How to choose a brand color palette.
A good palette isn't a mood board with twelve swatches. It's a small, deliberate set of colors that work everywhere — here's how to choose yours.
How many colors should a brand palette have?
Most strong brand palettes use one primary color, one accent for calls to action, and a neutral range of a few greys for text and backgrounds. That's usually it. More colors rarely help and often make a site look noisy.
How do you pick a primary color?
Start from meaning, not taste: pick a hue that fits your category and the feeling you want — calm blues read as trustworthy, warm tones read as energetic — then commit to one. The primary color carries the brand; everything else supports it.
How do you build the rest of the palette?
- Neutrals — a near-black for text, a near-white for backgrounds, and 2–3 greys for borders and surfaces.
- One accent — a single, higher-energy color reserved for primary buttons and key links, so the action always stands out.
- Tints & shades — lighter and darker steps of the primary for hovers, backgrounds, and states.

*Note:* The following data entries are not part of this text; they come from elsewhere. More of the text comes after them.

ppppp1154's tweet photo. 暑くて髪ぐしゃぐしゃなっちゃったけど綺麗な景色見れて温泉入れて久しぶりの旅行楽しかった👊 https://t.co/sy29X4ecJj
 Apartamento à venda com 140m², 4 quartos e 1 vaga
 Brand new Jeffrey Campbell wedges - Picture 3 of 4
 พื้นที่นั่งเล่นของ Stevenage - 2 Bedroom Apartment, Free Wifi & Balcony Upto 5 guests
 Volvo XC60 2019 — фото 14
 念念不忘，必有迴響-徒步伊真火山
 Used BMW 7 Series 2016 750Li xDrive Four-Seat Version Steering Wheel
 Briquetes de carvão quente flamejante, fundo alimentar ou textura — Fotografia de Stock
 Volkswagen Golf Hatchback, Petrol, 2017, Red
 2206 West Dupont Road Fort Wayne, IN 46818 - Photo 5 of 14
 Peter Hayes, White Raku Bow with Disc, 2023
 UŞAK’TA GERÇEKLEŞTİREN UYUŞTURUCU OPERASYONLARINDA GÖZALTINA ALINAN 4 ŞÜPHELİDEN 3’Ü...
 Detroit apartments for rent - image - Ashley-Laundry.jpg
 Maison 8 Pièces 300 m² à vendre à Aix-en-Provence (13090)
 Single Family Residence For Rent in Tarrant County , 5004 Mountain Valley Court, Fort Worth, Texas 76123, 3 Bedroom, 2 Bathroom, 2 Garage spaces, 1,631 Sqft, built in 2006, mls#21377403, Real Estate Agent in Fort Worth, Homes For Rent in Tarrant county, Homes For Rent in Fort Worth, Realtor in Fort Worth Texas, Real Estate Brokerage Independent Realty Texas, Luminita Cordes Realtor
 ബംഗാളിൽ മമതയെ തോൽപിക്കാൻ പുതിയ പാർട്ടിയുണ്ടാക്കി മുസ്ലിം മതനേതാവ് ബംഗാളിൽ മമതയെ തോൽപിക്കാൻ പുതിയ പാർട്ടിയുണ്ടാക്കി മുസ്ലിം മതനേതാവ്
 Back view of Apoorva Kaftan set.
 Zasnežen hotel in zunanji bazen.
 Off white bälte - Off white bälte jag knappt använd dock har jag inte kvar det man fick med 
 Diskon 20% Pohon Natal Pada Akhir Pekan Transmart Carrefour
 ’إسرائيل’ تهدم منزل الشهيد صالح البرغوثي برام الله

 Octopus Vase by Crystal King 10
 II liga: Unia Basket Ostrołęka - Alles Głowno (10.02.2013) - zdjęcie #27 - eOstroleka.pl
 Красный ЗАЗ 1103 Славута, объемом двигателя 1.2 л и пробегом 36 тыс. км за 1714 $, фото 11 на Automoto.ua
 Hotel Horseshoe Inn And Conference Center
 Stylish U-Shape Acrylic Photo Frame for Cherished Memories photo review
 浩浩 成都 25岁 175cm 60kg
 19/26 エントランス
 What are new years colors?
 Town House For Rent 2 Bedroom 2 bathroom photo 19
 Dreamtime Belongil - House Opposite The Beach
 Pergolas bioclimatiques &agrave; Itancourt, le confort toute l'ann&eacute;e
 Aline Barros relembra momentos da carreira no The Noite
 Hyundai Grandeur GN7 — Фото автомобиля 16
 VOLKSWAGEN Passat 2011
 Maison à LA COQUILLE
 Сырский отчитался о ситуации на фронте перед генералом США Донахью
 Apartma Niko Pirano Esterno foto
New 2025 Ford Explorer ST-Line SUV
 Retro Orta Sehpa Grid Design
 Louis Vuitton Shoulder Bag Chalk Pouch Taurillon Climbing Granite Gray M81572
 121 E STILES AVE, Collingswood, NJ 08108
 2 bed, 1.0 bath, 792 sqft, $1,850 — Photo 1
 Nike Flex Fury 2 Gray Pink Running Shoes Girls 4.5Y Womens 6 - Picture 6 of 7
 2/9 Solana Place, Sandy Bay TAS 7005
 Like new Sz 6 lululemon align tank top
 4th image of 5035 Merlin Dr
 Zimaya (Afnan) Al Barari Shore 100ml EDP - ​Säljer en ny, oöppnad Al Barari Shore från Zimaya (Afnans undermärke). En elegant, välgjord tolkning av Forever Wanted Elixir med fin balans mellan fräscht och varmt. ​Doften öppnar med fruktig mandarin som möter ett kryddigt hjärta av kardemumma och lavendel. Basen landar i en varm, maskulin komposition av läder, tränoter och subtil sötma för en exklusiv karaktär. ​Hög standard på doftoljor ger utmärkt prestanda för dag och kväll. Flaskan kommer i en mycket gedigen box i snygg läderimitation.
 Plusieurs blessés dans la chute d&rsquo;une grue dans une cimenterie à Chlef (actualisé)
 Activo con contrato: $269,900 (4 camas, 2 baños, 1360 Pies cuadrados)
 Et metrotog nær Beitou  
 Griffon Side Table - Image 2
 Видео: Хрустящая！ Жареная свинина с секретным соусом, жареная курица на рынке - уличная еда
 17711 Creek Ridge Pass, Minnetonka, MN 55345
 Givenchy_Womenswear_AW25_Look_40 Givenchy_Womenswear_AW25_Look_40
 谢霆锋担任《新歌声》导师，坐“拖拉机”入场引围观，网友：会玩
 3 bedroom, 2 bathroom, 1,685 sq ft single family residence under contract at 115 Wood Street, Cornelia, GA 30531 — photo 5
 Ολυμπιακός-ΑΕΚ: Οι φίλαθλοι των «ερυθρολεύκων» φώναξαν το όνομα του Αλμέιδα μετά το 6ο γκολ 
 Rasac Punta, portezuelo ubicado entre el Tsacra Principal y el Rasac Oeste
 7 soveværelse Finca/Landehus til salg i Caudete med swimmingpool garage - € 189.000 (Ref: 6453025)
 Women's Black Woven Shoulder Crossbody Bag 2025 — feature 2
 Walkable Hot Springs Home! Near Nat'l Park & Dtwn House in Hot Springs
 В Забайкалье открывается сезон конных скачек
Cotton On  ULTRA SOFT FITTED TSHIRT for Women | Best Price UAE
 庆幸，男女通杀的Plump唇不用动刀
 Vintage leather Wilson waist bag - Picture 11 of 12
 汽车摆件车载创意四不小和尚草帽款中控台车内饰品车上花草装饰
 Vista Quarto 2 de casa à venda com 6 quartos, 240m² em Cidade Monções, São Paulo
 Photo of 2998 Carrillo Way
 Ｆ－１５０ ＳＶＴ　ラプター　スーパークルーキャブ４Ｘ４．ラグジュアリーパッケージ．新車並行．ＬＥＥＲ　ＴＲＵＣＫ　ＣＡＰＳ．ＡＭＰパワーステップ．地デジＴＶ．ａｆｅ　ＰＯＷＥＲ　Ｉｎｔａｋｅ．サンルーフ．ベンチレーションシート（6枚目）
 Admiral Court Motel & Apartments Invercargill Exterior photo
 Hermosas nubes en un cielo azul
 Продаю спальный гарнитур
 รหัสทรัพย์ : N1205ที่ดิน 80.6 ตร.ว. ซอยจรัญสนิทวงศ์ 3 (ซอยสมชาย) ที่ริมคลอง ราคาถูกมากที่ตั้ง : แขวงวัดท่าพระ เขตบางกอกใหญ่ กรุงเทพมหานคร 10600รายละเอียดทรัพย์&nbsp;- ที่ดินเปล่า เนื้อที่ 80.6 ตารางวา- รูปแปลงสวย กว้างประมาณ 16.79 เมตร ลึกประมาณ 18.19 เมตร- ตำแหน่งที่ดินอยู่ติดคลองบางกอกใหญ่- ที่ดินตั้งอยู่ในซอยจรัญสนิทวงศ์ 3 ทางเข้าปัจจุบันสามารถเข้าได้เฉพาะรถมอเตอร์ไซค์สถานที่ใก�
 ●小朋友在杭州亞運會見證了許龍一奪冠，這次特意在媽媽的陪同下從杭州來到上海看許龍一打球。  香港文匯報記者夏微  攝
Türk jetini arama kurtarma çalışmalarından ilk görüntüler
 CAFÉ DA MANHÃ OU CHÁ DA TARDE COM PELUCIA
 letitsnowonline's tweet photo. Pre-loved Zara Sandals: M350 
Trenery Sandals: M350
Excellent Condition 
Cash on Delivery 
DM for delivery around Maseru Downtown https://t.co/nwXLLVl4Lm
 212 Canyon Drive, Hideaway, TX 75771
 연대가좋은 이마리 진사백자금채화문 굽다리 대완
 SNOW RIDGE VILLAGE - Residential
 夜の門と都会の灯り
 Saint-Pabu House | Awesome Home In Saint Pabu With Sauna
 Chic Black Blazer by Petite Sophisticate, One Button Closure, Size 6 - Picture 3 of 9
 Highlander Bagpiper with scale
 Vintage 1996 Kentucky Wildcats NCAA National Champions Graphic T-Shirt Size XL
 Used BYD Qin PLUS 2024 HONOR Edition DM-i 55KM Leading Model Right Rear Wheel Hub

What about accessibility and contrast?
Text needs enough contrast against its background to be readable — aim for a contrast ratio of at least 4.5:1 for body text, the WCAG AA standard. A beautiful palette that fails contrast quietly costs you readers and conversions.
How do you keep the palette consistent across a whole site?
Choosing colors is the easy part; applying them consistently across every button, card, and page — and re-applying when you tweak a shade — is where brands slip. The reliable fix is to treat colors as tokens that every element references, so one change updates everywhere. SketchXFlow generates an editable palette and recolors every asset in seconds when you adjust it, so the whole brand stays in sync.
Frequently asked
How many colors should a website use?
Typically one primary, one accent, and a neutral range of three to four greys. Limiting the palette keeps the design calm and the call-to-action easy to spot.
What is the 60-30-10 rule?
A balance guideline: roughly 60% of the page in a dominant neutral, 30% in a secondary color, and 10% in an accent reserved for actions.
What contrast ratio do I need for text?
At least 4.5:1 for normal body text and 3:1 for large text, per WCAG AA, so it stays readable for most people.